# Task objective
Using the data that follows, output only the lines from the line with "Chiffon Ribbon Blush" up to and including the line with "Women's Striped Casual", exactly, leaving pictures aside.
----- Records supplied -----
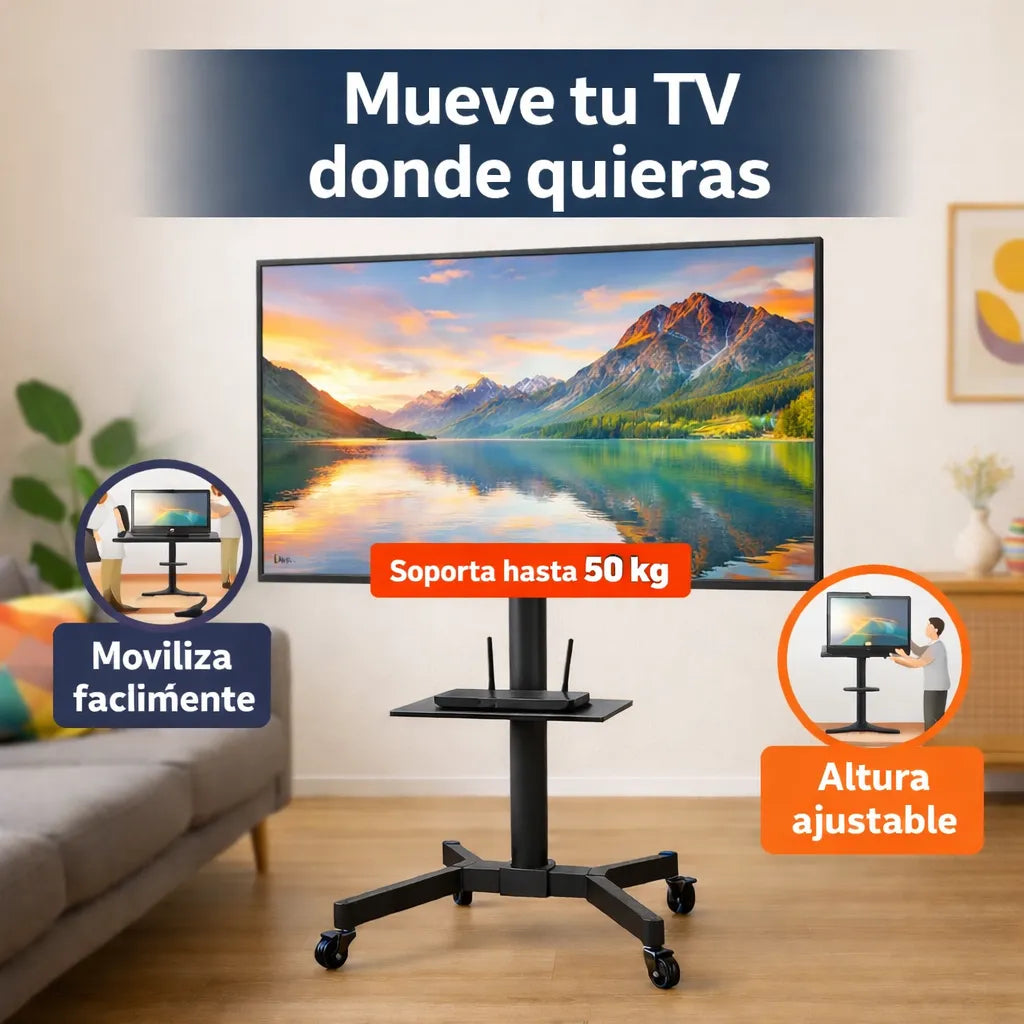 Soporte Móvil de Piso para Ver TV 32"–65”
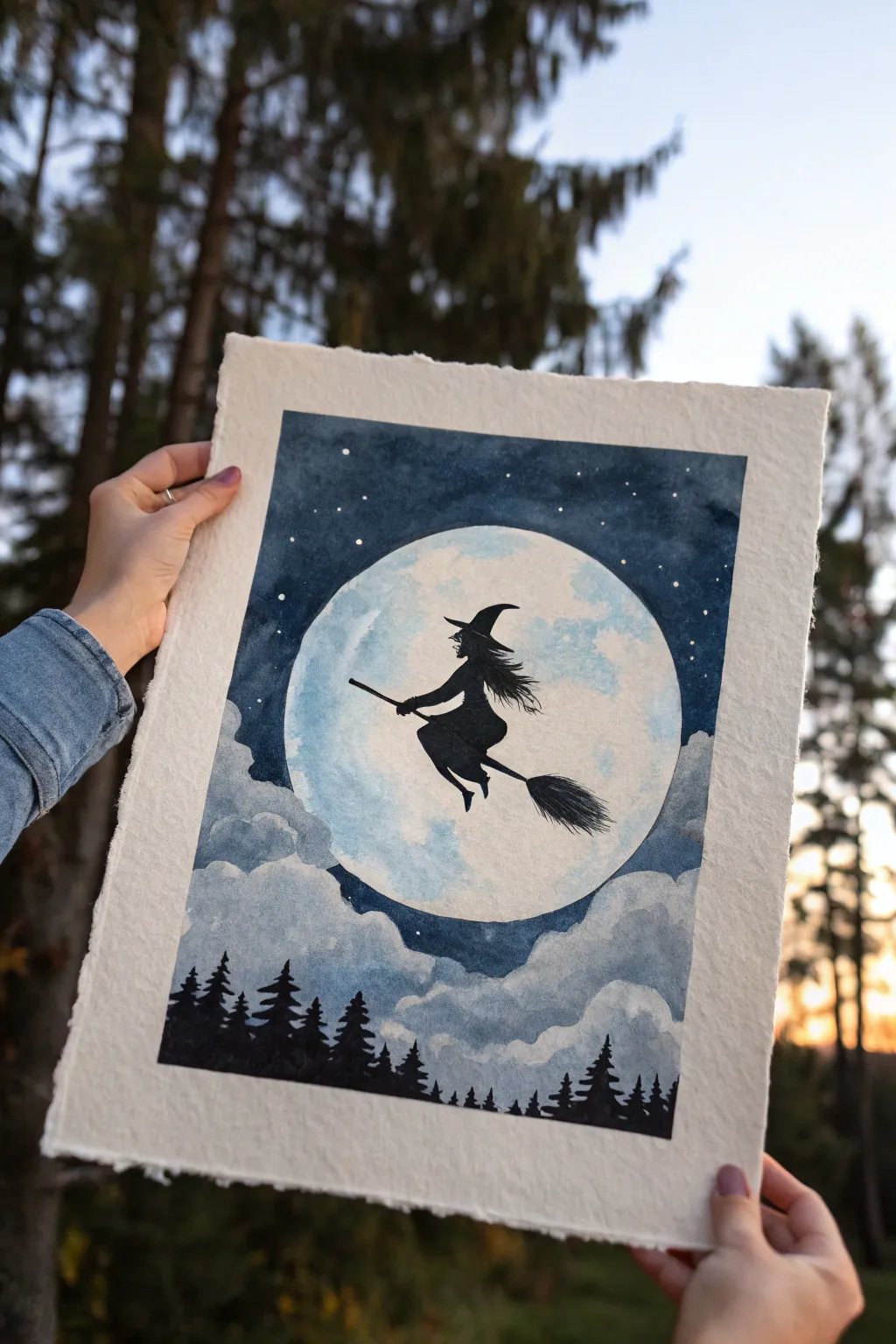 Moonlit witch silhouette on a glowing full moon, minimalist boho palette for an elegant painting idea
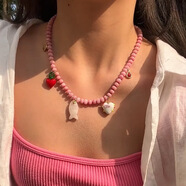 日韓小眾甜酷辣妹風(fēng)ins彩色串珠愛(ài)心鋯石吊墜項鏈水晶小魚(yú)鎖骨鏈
-----
----- Records supplied -----
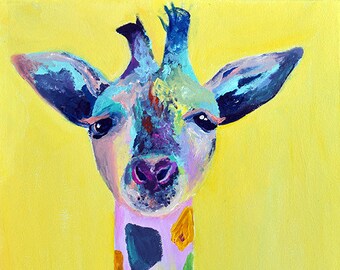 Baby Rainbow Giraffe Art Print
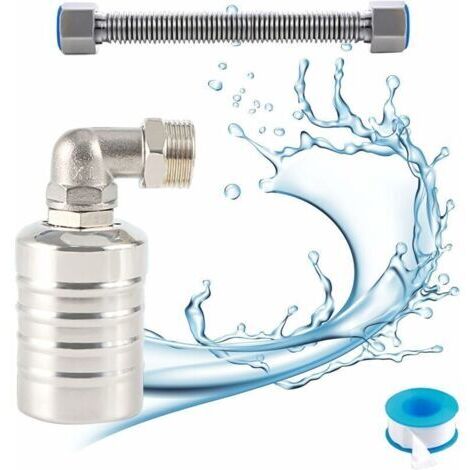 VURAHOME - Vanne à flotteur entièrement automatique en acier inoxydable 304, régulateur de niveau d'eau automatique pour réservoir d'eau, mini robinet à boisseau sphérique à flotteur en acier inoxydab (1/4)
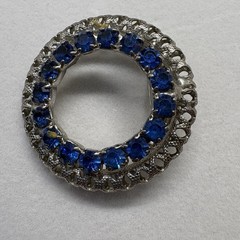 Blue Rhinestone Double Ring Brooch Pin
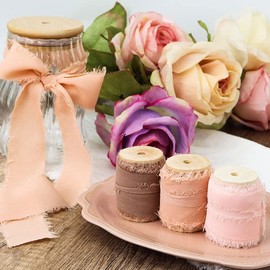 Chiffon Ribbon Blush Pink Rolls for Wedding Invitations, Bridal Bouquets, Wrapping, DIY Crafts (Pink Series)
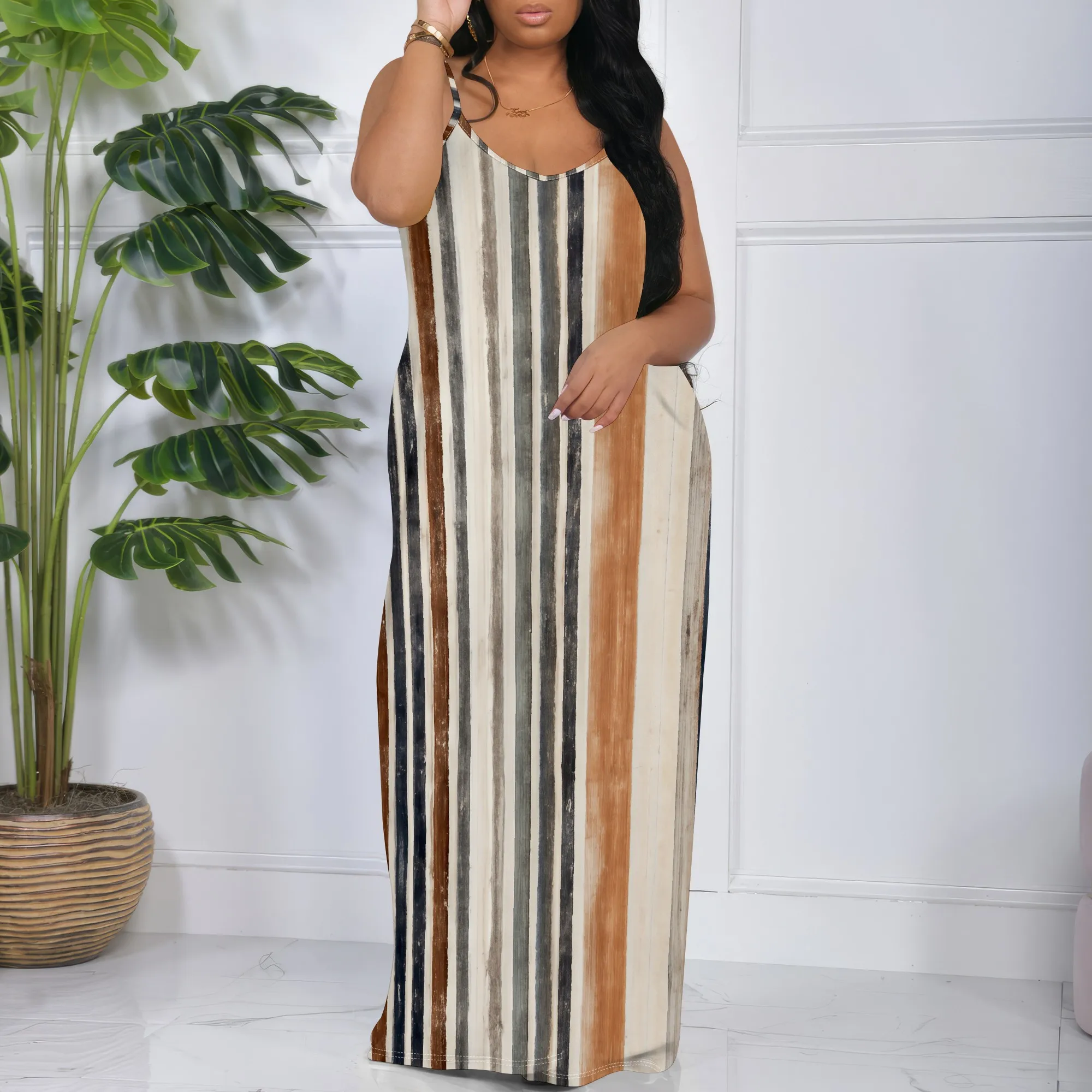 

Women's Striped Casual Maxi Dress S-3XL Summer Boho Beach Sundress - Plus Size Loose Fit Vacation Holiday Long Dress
-----
----- Records supplied -----
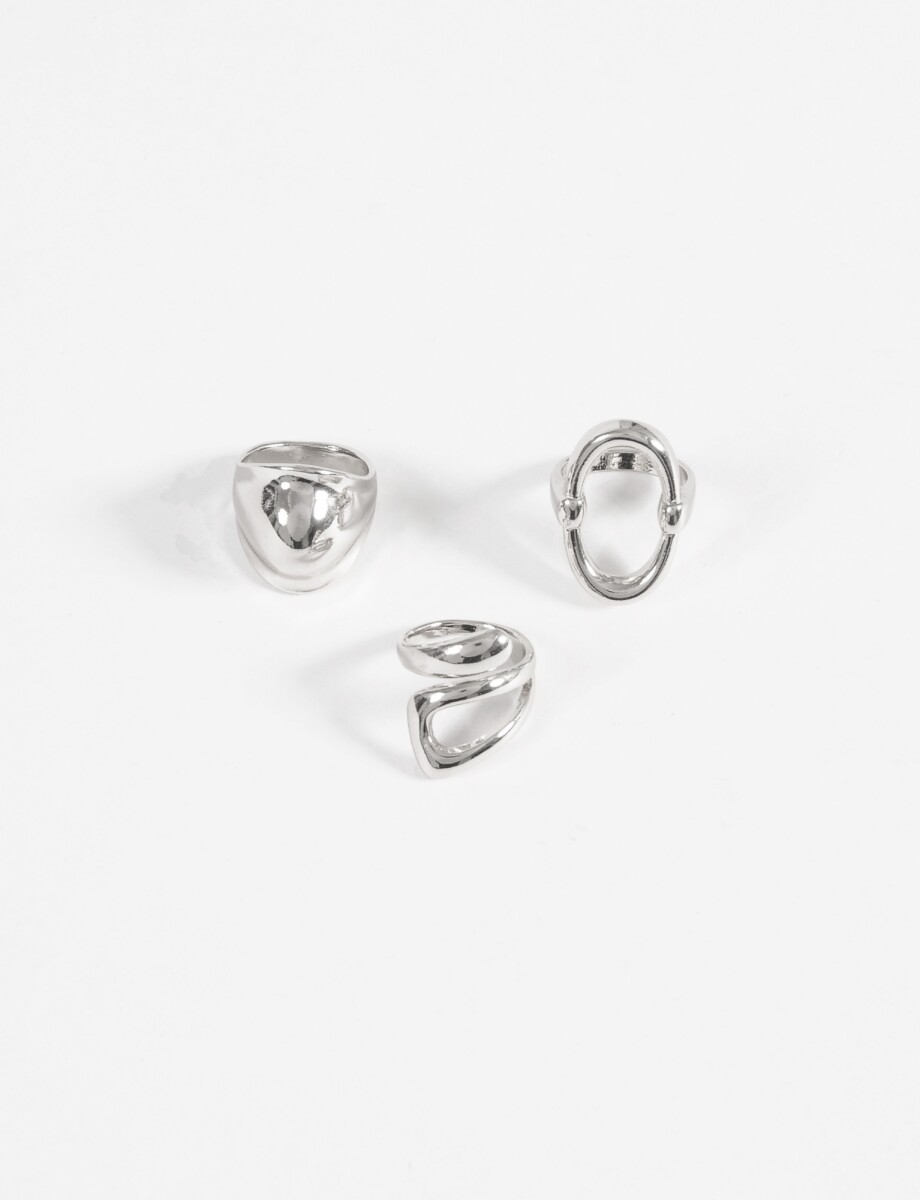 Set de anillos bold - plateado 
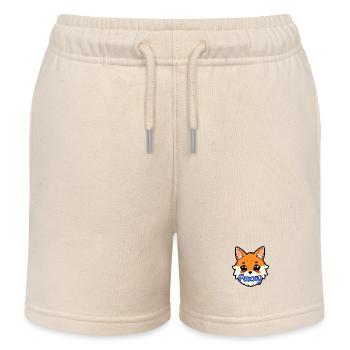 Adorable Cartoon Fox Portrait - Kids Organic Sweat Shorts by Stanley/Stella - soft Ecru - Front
-----
# Result
 Chiffon Ribbon Blush Pink Rolls for Wedding Invitations, Bridal Bouquets, Wrapping, DIY Crafts (Pink Series)

Women's Striped Casual Maxi Dress S-3XL Summer Boho Beach Sundress - Plus Size Loose Fit Vacation Holiday Long Dress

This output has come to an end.